The approach avoids relying solely on LLMs for final problem-solving to reduce errors and hallucinations.

Methodology / Process Overview

Problem Input Receive problem statement in natural language.
Condition Rewriting Use LM-based module to clean and enrich the problem statement. Remove irrelevant or confusing information.
Agent Knowledge Assignment Assign problem components to specialized agents by domain (initially arithmetic).
Strategy Formation Agents communicate and negotiate to form a solution strategy. The strategy is assembled from pieces of known strategies rather than synthesized from scratch. Multiple candidate strategies can be combined for robustness.
Strategy Adaptation The combined strategy is adapted and rewritten into a command language.
Command Execution Commands are executed by a processor module.
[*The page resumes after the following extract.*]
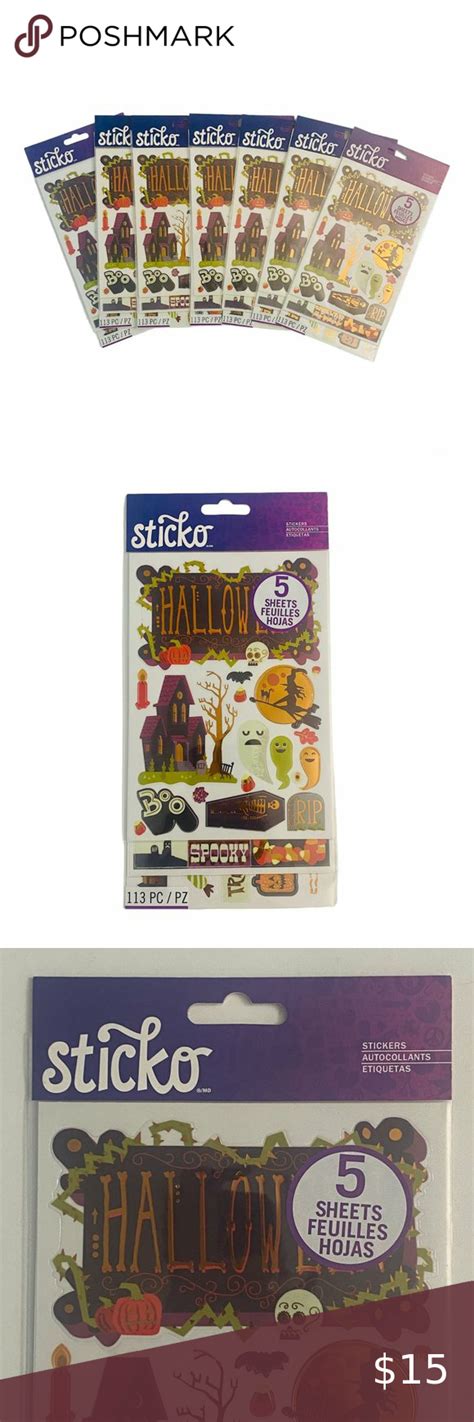 EK Success Sticko Halloween Stickers 5 Sheet Flip Packs 7 Packages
The processor can be a calculator, symbolic algebra system, Python interpreter, or external tools like Wolfram Alpha.
Answer Generation and Selection Generate multiple answer candidates. Use an arranger module to select the best answer.
Output Present the final answer to the user.

Speakers / Sources Featured

Evgeny – Moderator and CEO of company R, former Yandex webmaster.
Viktor Nasko – Director of Research and Development at Fractal Tech.
Zakhar Pamash – CEO of Development at Fractal Tech.

Summary

The video presents a multi-agent system for arithmetic problem-solving that outperforms traditional LLM approaches in accuracy and reliability on simple arithmetic datasets. It achieves this by decomposing problems into subtasks handled by specialized agents that negotiate and form solution strategies, which are then executed by processors capable of symbolic computation.

The system is robust to many variations but has limitations with abstract concepts and complex logical problems. Future work aims to expand domain coverage, improve training methods, integrate symbolic processors, and scale the agent network.

This approach highlights the potential of multi-agent architectures to overcome some inherent limitations of large language models in precise mathematical reasoning tasks.